# Freddy Flame-out



## ilbasso (Jun 7, 2006)

Helping me kill time before getting back to my Enterprise Refit, here's Freddy Flame-out flying high in a clear October sky!









I saw Freddy in my local hobby store on Tuesday and wanted to put something together FAST before getting back to the tedium of sanding and filling on the Big E. I assembled and painted the kit in three evenings and it was a blast going for some cheesy paint effects! (viz the dappled windshield, rusty acetylene torch, and cloud base [not shown], plus the bizarre colors).









My mods for the kit consisted of Pactra striping tape (for Freddy's harness, sleeve stripes, and the stripe on the windshield), and an instrument panel. I drew the instrument panel in PowerPoint and printed it on silver contact paper (used for lining shelves). 
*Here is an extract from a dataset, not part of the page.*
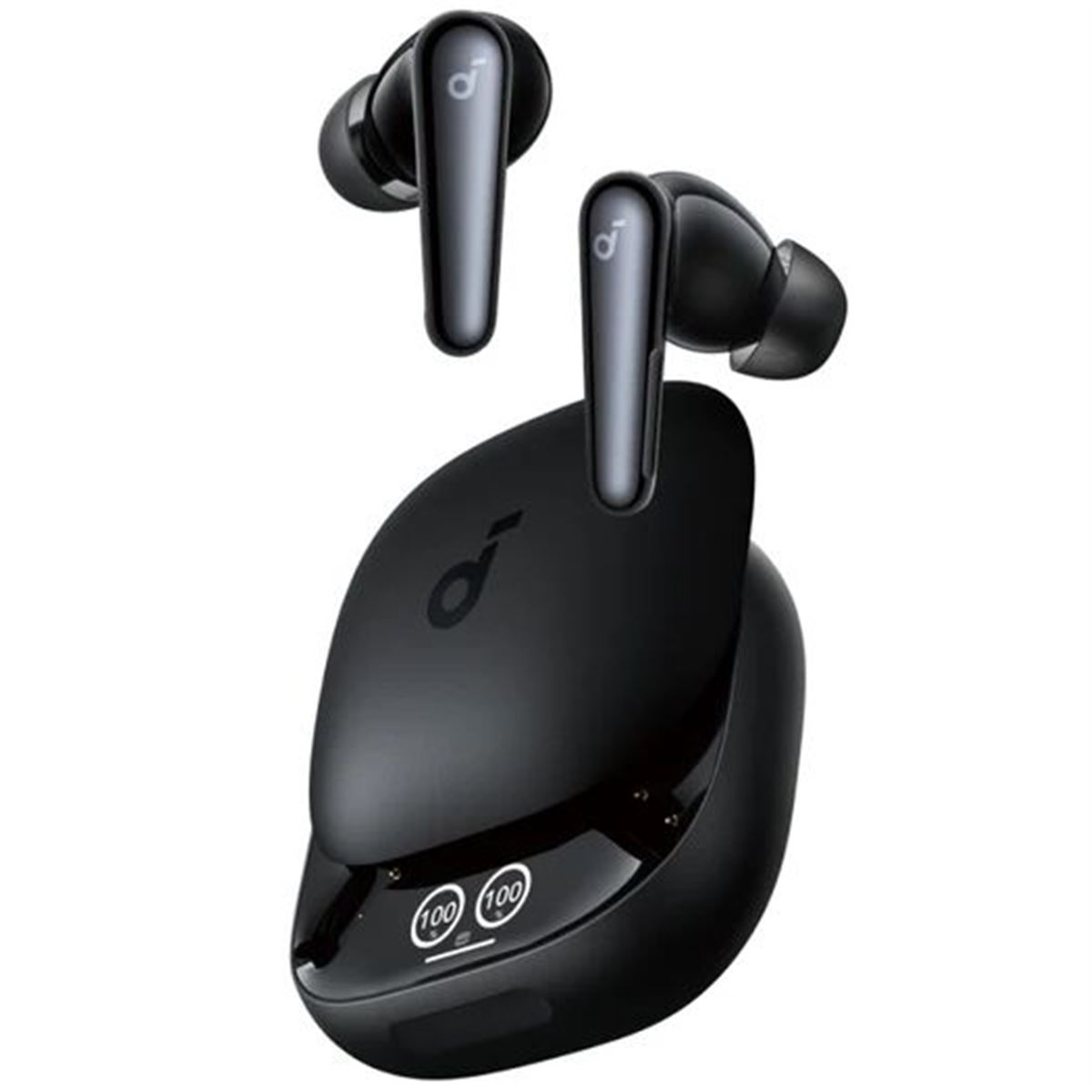 Anker、充電ケースにスクリーンとタッチバーを搭載したTWS「Soundcore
So, it's back to work on the Enterprise this afternoon...


----------



## Cro-Magnon Man (Jun 11, 2001)

I like this built-up, and your approach. Knocking out an attractive and colourful kit in three or four nights is something we all need to do every now and again, as a break from labouring too-seriously over kits for five weeks or months.


----------



## the Dabbler (Feb 17, 2005)

Looks like you had real kick doing that 'diversion' Ilbasso !!


----------



## unkljune (Mar 6, 2002)

do these kits come with decals?


----------



## ilbasso (Jun 7, 2006)

Yes, the decals for this one were the USAF insignias, the tired eyes and "Ole Flame-out," the label for the torch that says "Emergency Only" and the lightning bolts on the helmet.


----------



## wolfman66 (Feb 18, 2006)

Fantastic job on Freddy Flameout here:thumbsup:


----------